# Bioinformatics and Lab Practice 1 – Environment Setup for Term Project Mission 3

```
Bioinformatics and Lab Practice 1
Department of Biological Sciences / Bioinformatics Major, Seoul National University – Spring 2025

This notebook is released under the Creative Commons BY‑SA license.
Hyeshik Jang <hyeshik@snu.ac.kr>, School of Biological Sciences, Seoul National University
```

This notebook prepares the environment so you can carry out the Term Project in Google Colab. It is aimed at people who are not yet comfortable working directly in a terminal window. If you are using your own computer or a lab workstation with plenty of storage, you may skip the Google Drive sections.
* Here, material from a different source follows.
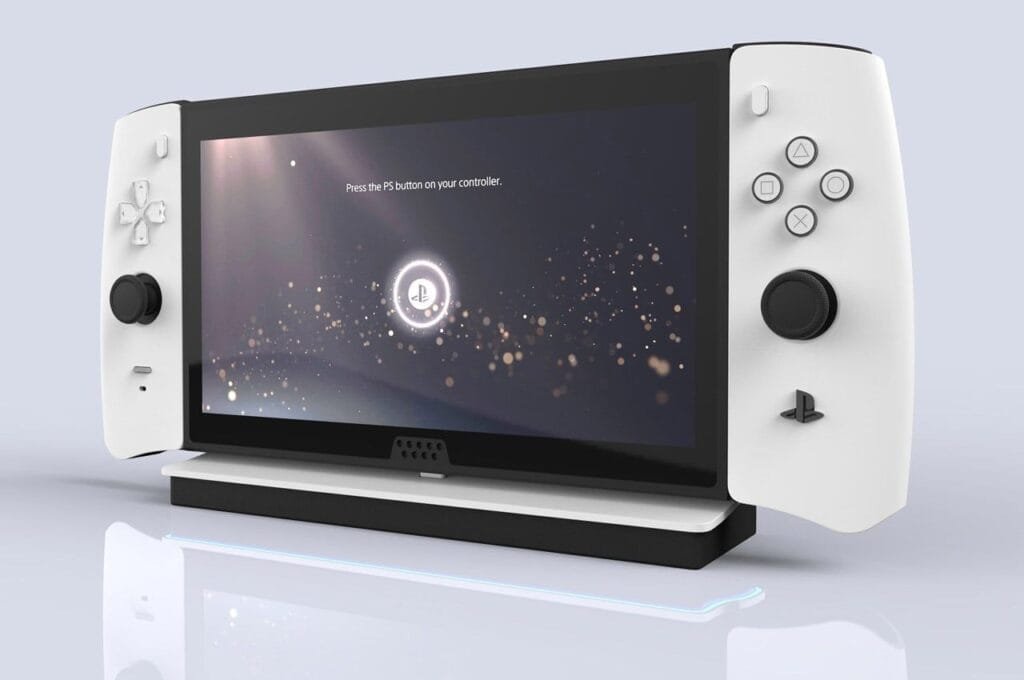 PlayStation 6 handheld console in white and black design, displayed on a charging dock with on-screen instructions and PlayStation branding visible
If something breaks, click **Runtime → Factory reset runtime** and start again.


## Mount Google Drive

To load and save data files we will connect Google Drive. **For this mission you will need to edit a small script file, so having Drive mounted makes things easier.** If you are working on your own computer or on a lab workstation with enough local disk space, you can safely skip this step.


In [2]:
from google.colab import drive
drive.mount('/content/drive')

Mounted at /content/drive


## Install the Bioconda environment for the exercises

If you are not using Google Colab—for example, if you are on your own computer or a lab workstation—simply create a local [Conda/Bioconda](https://bioconda.github.io/) environment and open this notebook in that environment.

For Colab users we will create a [Bioconda](https://bioconda.github.io/) environment that makes it easy to install the programs required for the exercises. Run the next cell and watch its progress; if you see something that looks like an error, read the message carefully and fix the problem.

Because we cannot replace Colab’s built‑in Python interpreter, Python modules installed with Conda will not be visible. Instead, install any needed Python packages with `pip` so that Colab can import them.

The initialization scripts are in the [GitHub project](https://github.com/hyeshik/colab-biolab).


In [3]:
!git clone https://github.com/hyeshik/colab-biolab.git
!cd colab-biolab && bash tools/setup.sh
exec(open('colab-biolab/tools/activate_conda.py').read())

Cloning into 'colab-biolab'...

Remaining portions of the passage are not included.